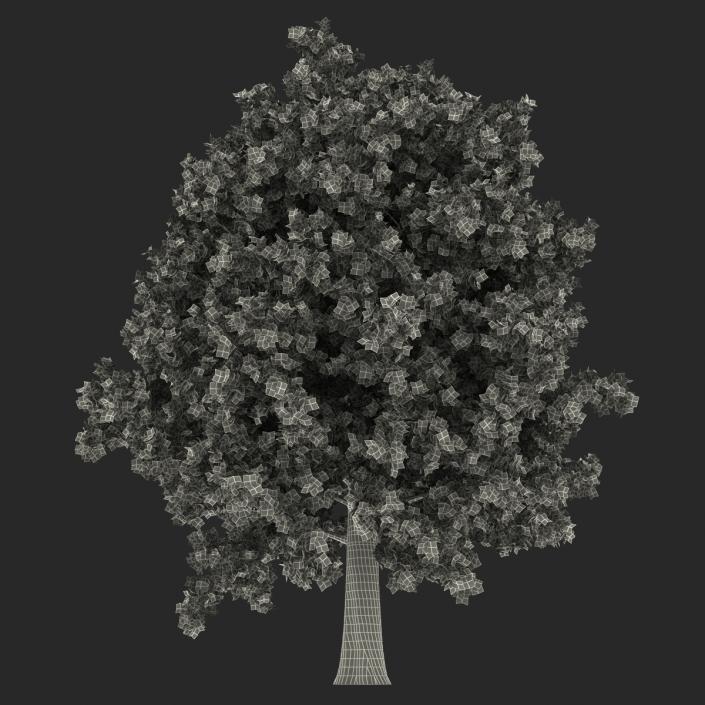 Red Oak Tree Autumn 3D model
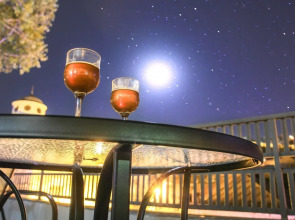 Отель New Palace Shardeni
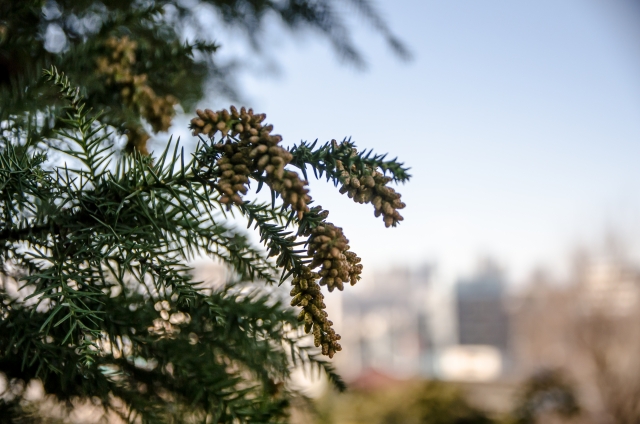 When is the hay fever season?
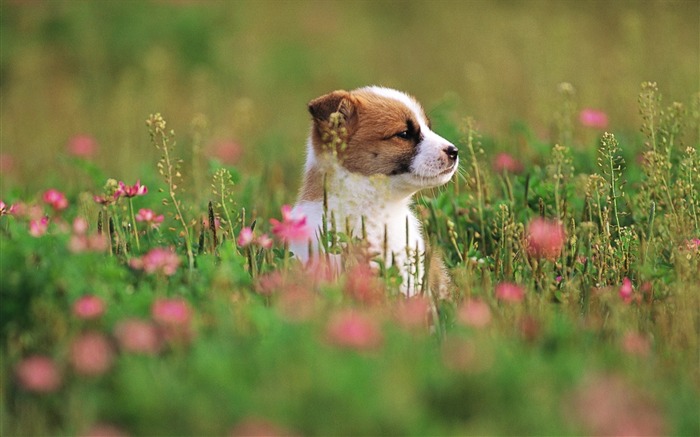 White puppy on grass-Lovely Puppies Views:16721 Date:2011/6/16 4:35:07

******************************

TASK DETAILS ->
Return the listing above in an exact copy that leaves out the images.

WRITTEN SOLUTION ->
 Red Oak Tree Autumn 3D model
 Отель New Palace Shardeni
 When is the hay fever season?
 White puppy on grass-Lovely Puppies Views:16721 Date:2011/6/16 4:35:07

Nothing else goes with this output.